The area of the wrist includes a site of passage (carpal tunnel) for the flexor tendons of the fingers and the median nerve (N. medianus). The median nerve provides sensory innervation for the thumb, index and middle finger, as well as half of the ring finger, and operates a portion of the muscles of the thumb.
The dorsal border of the carpal tunnel consists of the carpal bones and on the anterior aspect a fibrous band. If pressure within the carpal tunnel increases, it results in compression of the nerve.
This can cause inadequate perfusion in the nerve and thereby lead to a functional deficit. The latter manifests itself by numbness or tingling sensations in the above-mentioned fingers. If the nerve is subjected to increased pressure for a longer period of time, this results in a permanent deficit with pronounced sensory disturbances and muscle atrophy of the thenar eminence.
Potential causes are:
- Increased tissue fluids (pregnancy, hormonal disorder)
- Inflammation and swelling of the flexor tendons
- Prolonged operation of vibrating instruments
- Repetitive flexion and extension of the wrist
- Degenerative changes of the wrist
- Wrist fractures
- Tumors or tumorous alterations (e.g. ganglion) within the carpal tunnel
Paresthesia ("falling asleep", tingling) of the above mentioned fingers is typical, at first only during physical exertion and/or at night. Later these symptoms often persist and are accompanied by numbness and hand pain with possible radiation into the forearm as well as arm weakness. The discomfort can often be diminished through shaking of the hands or massage.
The suspected diagnosis is based on patient history and clinical examination. To confirm the diagnosis, the neurologist will perform electrophysiologic testing, which measures the capacity of the nerve to conduct electrical impulses. If we suspect that compression is caused by degenerative changes of the joint or perhaps a ganglion in the carpal tunnel, an x-ray or ultrasound can be performed.
If discomfort and electrophysiologic findings are not very pronounced, conservative therapy without surgery is appropriate. This includes immobilizing the wrist with a brace and administering anti-inflammatory medication.

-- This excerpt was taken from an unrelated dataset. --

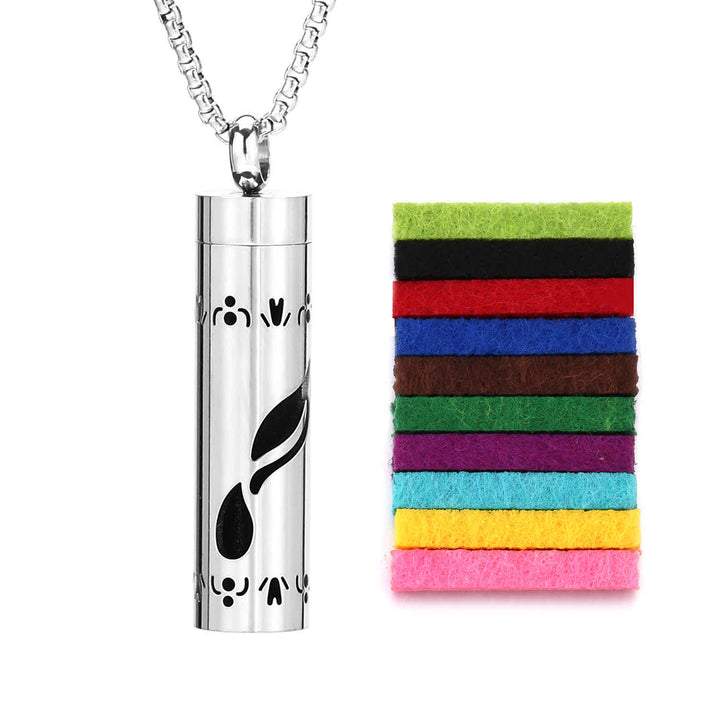 Perfume Diffuser Necklace With Felt Core & Interchangeable Color Inserts - Style #6 - image 9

Especially pregnancy-induced symptoms can be relieved effectively by a cortisone infiltration.
If conservative treatment is ineffective or if there exists already relevant sensory dysfunction, muscle atrophy, and/or clearly worsened nerve conductivity, surgery is necessary. In this procedure, the ligament that limits the carpal tunnel on the anterior side of the wrist is cut through. This creates more space for the tendons and the nerve.
The operation can be carried out through a small cutaneous incision in the area of the palm (mini-open) or under camera visualization (endoscopic) through a small incision of the skin in the wrist fold. Both methods have comparable surgical outcomes. The advantage of the endoscopic method is that there is no cut in the strained palm. Both interventions can be performed on an ambulatory basis under local anesthesia.
Follow up care
Right after the operation a bandage is applied and kept in place until the first wound check two or three days later. Thereafter, a protective dressing is worn until removal of the sutures. The hand must be protected during the first two weeks. No heavy objects such as pans, shopping bags, etc. must be carried. After two weeks, effort can be gradually increased up to the pain threshold. Full use is typically possible within four to six weeks. If needed we can arrange for supportive hand therapy to help improve mobility, strength and wound care.

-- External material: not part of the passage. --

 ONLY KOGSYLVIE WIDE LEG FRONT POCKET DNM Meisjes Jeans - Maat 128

The prognosis depends on the extent of nerve damage at the time of the operation. As long as there is no irreversible injury, sensory function and strength can be fully recovered. However, this may take several weeks or even months, especially with regard to sensation.
After longstanding compression with irreversible damage to the nerve, full recovery is not expected.
Sometimes, even after an initially successful operation, narrowing of the carpal tunnel and nerve compression can redevelop. Reoperation usually requires a larger skin incision, that extends over the wrist, allowing for thorough removal of scar tissue and adhesions. Due to this fact postoperative recovery period is longer than with the primary procedure.